Permitting contract goes to council

At Marietta City Council’s regular meeting Thursday the new permitting contract between the city and Washington County was introduced, but no further action was taken pending more discussion about permitting fees scheduled for next week.

“If this passes it will be in effect immediately,” said Councilwoman Sarah Snow, chair of council’s Planning, Zoning and Annexation Committee. “But until we discuss and pass a fee schedule alongside it, we will not be able to take care of these permits within the city.”

Snow’s committee is scheduled to discuss the fee schedule for permitting at 6:45 p.m. Thursday in Room 10 of the Armory, 241 Front St.

Currently the city handles access, driveway, right-of-way, sewer and water tap, and land development permits. If the contract is approved by council, new duties would include the issuance of zoning, use, occupancy and demolition permits.

The county would continue to issue residential building permits, commercial building permits and flood development permits within its Southeast Ohio Building Department. For building permits, a resident or business will be referred first to the city to ascertain if zoning would conflict with the intended build.

Mayor Joe Matthews also notified council that headway has been made concerning the home at 829 Front St., parts of which collapsed three weeks ago.

“I’ve been working with a buyer to purchase that property,” said Matthews. “It’s expected to close next week and that buyer plans to do the demolition himself at no cost to the city.”
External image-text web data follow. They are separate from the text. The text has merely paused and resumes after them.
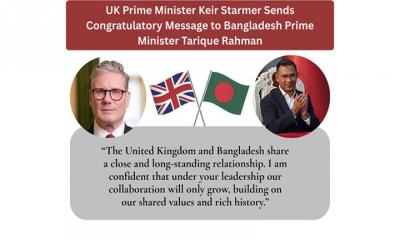 তারেক রহমানকে ব্রিটিশ প্রধানমন্ত্রী কিয়ার স্টারমারের অভিনন্দন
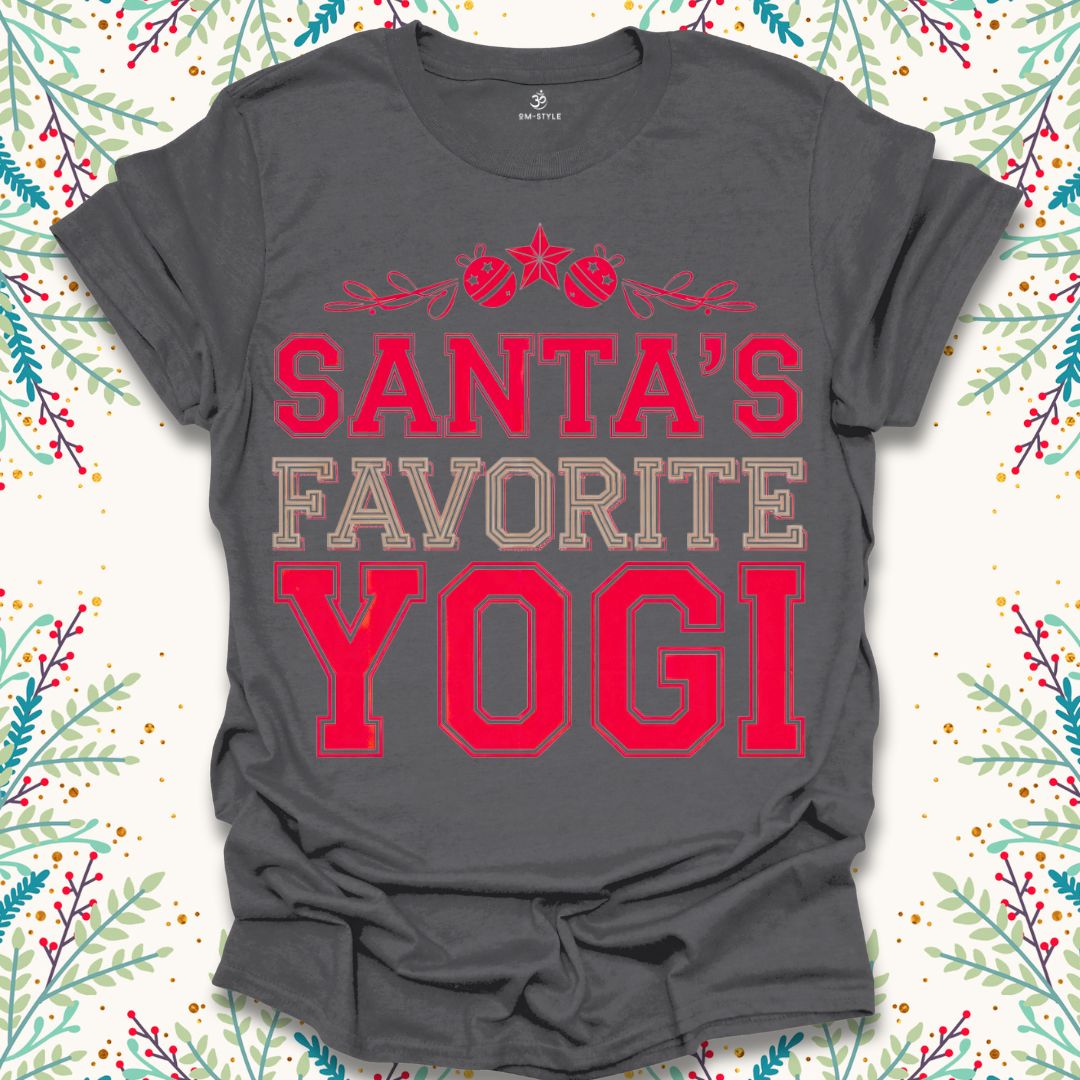 College Santa's Favorite Yogi T-Shirt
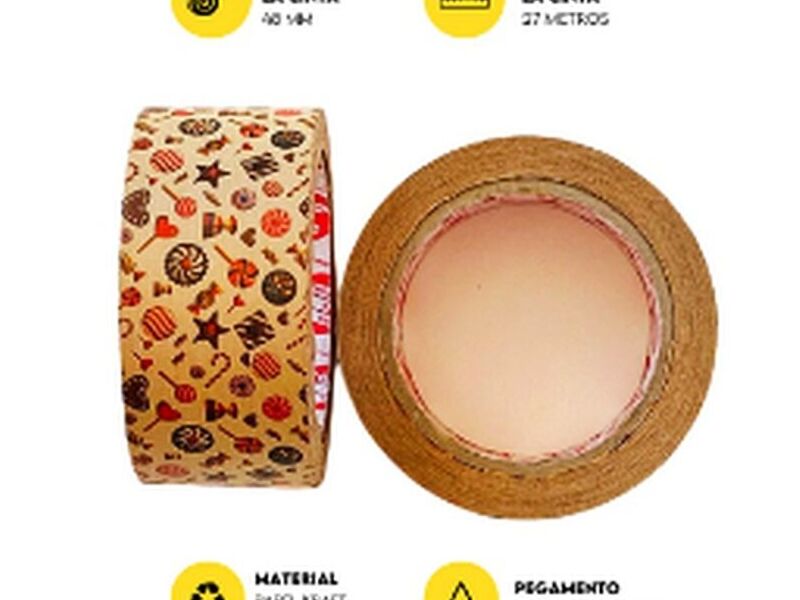 Cinta Papel Engomado kraft dis dulce Quilpué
Matthews said the buyer did not wish to be named until the sale had closed.

This movement will be one of the first seen this year and will be followed by recommendations by council’s ad hoc blight committee which also met Thursday.

The committee, which is made up of Bryan Waller, Kathy Boersma, Bill Standish, Bill Gossett and Susan Boyer, outlined both a mission statement and goals at its meeting.

The mission: To identify current residential problems within the city of Marietta and make recommendations to the city on how to solve them.

Specific goals of the committee are to determine the process by which properties are currently identified as having maintenance issues that impact the health and safety of residents (and) make suggestions where the process might be improved; to determine the scope of (blight within the city) including demographic information, ownership statistics, mapping and other data correlation to help highlight the areas where action would have the most impact; and to determine the current remedial steps available to the city and make suggestions where necessary.

“My idea is that we pull this information together as quickly as we can so we can move forward,” said Boyer, the committee’s appointed chair. “The thing we need to remember is there’s a statutory process for condemnation and repossession, but we need to help identify homes before they get so far that that’s necessary action.”

The committee also appointed Standish as its secretary and outlined action items for committee members to look into prior to its next meeting at 5:30 p.m. on March 9 in room 10 of the Armory.

Prior to that meeting Boyer plans to look into remedial steps such as a possible county-city partnership land bank to repossess blighted houses. Gossett plans to speak with representatives from Buckeye Hills-Hocking Valley Regional Development District and from the Washington County auditor’s office to compile ownership statistics and demographic information within city limits. Boersma said that she would reach out to the city’s code enforcement officer, Wayne Rinehart to understand how he has and will follow up on complaints of blight.

“It would also be nice if (Rinehart) was the only person authorized to take photos and confront residents about issues with their homes,” said Gossett. “Rather than harassment by members of council.”

The committee also considered three items concerning housing and blight introduced to council by Rinehart last week concerning fees for blighted homes, uncut grass and a proposed new residential rental housing property registry. With suggested amendments, the committee approved of each potential legislation. The suggestions will be considered at a future Planning, Zoning and Annexation Committee.